President orders parliament back to work


President Mohamed Morsy has issued a decree ordering parliament to reconvene.

According to a number of sources the decree appears to be ambiguous. Whilst ordering the parliament back to work it appears to state that parliament will work only until a new constitution is agreed and then a new election will be held.

Reconvening parliament is a direct challenge to the Supreme Constitutional Court. The court had dissolved parliament on the grounds that the election earlier this year was improperly held because political parties had contested seats meant for independents. The president’s decree does not make it clear as to whether it is just that portion of the parliament involving seats for independents that will be subject to an election or whether it is the whole parliament.
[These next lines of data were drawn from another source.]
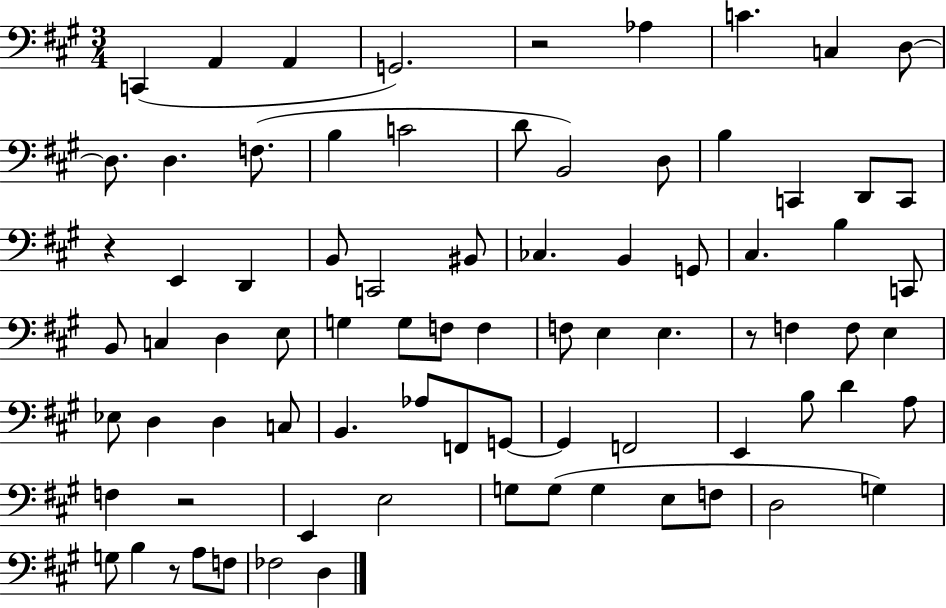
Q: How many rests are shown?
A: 5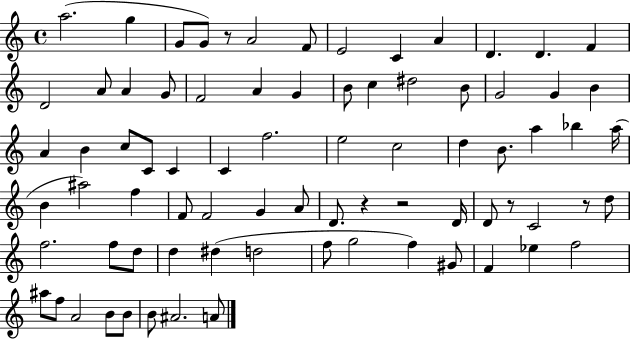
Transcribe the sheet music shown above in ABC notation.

X:1
T:Untitled
M:4/4
L:1/4
K:C
a2 g G/2 G/2 z/2 A2 F/2 E2 C A D D F D2 A/2 A G/2 F2 A G B/2 c ^d2 B/2 G2 G B A B c/2 C/2 C C f2 e2 c2 d B/2 a _b a/4 B ^a2 f F/2 F2 G A/2 D/2 z z2 D/4 D/2 z/2 C2 z/2 d/2 f2 f/2 d/2 d ^d d2 f/2 g2 f ^G/2 F _e f2 ^a/2 f/2 A2 B/2 B/2 B/2 ^A2 A/2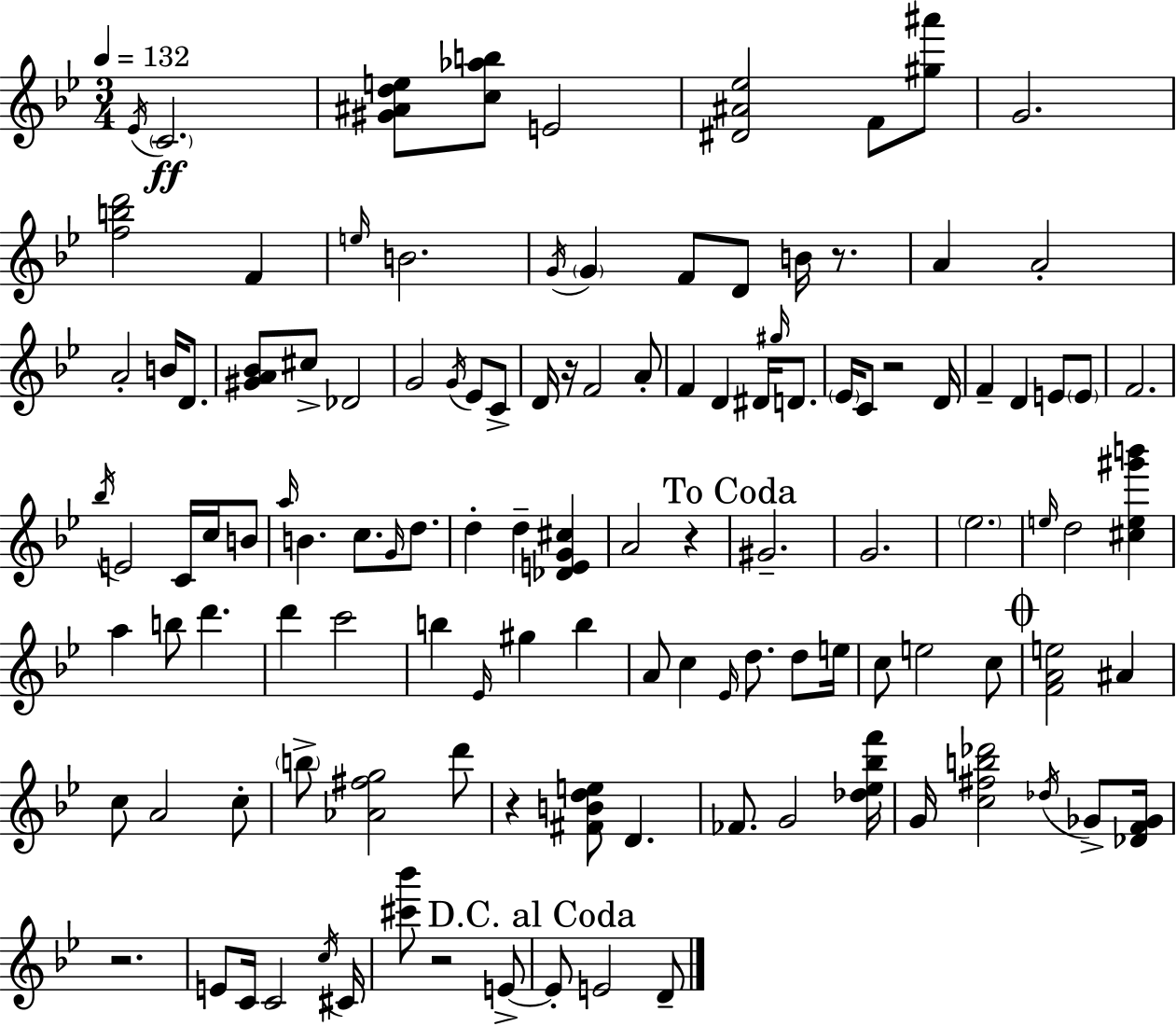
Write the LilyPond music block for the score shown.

{
  \clef treble
  \numericTimeSignature
  \time 3/4
  \key g \minor
  \tempo 4 = 132
  \acciaccatura { ees'16 }\ff \parenthesize c'2. | <gis' ais' d'' e''>8 <c'' aes'' b''>8 e'2 | <dis' ais' ees''>2 f'8 <gis'' ais'''>8 | g'2. | \break <f'' b'' d'''>2 f'4 | \grace { e''16 } b'2. | \acciaccatura { g'16 } \parenthesize g'4 f'8 d'8 b'16 | r8. a'4 a'2-. | \break a'2-. b'16 | d'8. <gis' a' bes'>8 cis''8-> des'2 | g'2 \acciaccatura { g'16 } | ees'8 c'8-> d'16 r16 f'2 | \break a'8-. f'4 d'4 | dis'16 \grace { gis''16 } d'8. \parenthesize ees'16 c'8 r2 | d'16 f'4-- d'4 | e'8 \parenthesize e'8 f'2. | \break \acciaccatura { bes''16 } e'2 | c'16 c''16 b'8 \grace { a''16 } b'4. | c''8. \grace { g'16 } d''8. d''4-. | d''4-- <des' e' g' cis''>4 a'2 | \break r4 \mark "To Coda" gis'2.-- | g'2. | \parenthesize ees''2. | \grace { e''16 } d''2 | \break <cis'' e'' gis''' b'''>4 a''4 | b''8 d'''4. d'''4 | c'''2 b''4 | \grace { ees'16 } gis''4 b''4 a'8 | \break c''4 \grace { ees'16 } d''8. d''8 e''16 c''8 | e''2 c''8 \mark \markup { \musicglyph "scripts.coda" } <f' a' e''>2 | ais'4 c''8 | a'2 c''8-. \parenthesize b''8-> | \break <aes' fis'' g''>2 d'''8 r4 | <fis' b' d'' e''>8 d'4. fes'8. | g'2 <des'' ees'' bes'' f'''>16 g'16 | <c'' fis'' b'' des'''>2 \acciaccatura { des''16 } ges'8-> <des' f' ges'>16 | \break r2. | e'8 c'16 c'2 \acciaccatura { c''16 } | cis'16 <cis''' bes'''>8 r2 e'8->~~ | \mark "D.C. al Coda" e'8-. e'2 d'8-- | \break \bar "|."
}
The move is also a direct challenge to the Supreme Council of the Armed Forces (SCAF), the body which has been running Egypt since the fall of President Mubarak’s regime last year. It is questionable whether President Morsy has the powers to issue such a decree, but then the powers taken by SCAF were equally questionable.
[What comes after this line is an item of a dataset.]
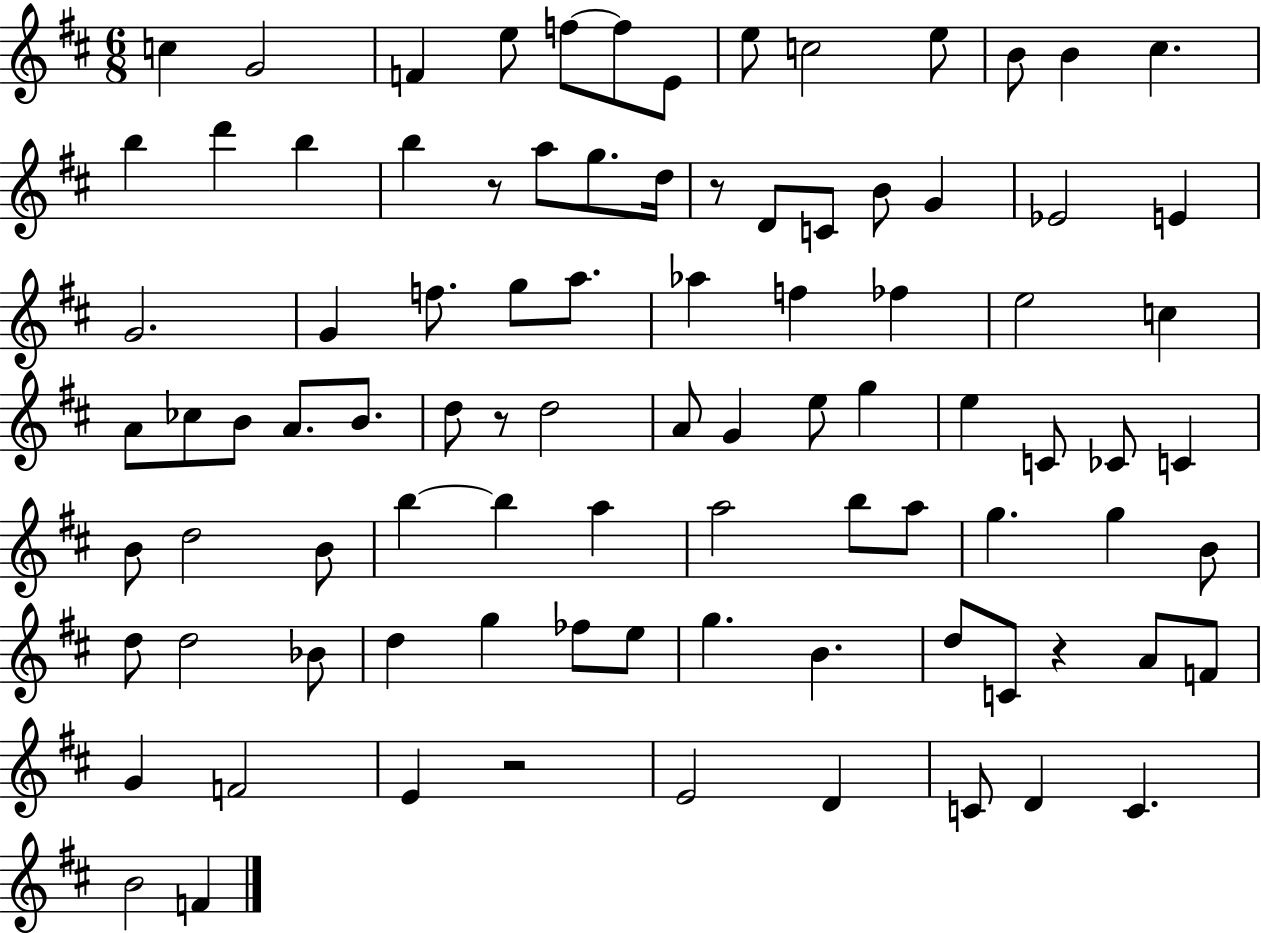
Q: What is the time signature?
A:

Last night the judges held an emergency meeting as did SCAF although there was no immediate reaction beyond that. One newspaper is reporting that a military spokesman said that the generals had been given no warning of the decree.

Reaction to the president’s move was mixed. The Muslim Brotherhood’s political wing, the Freedom and Justice Party (FJP) welcomed the move as did the coalition of revolutionary youth groups. Some secular parties have decided not to attend parliament and some have described the move as a reckless confrontation with the military.

If the parliament does reconvene there is also a question mark as to whether any laws passed in the interim period will be constitutional.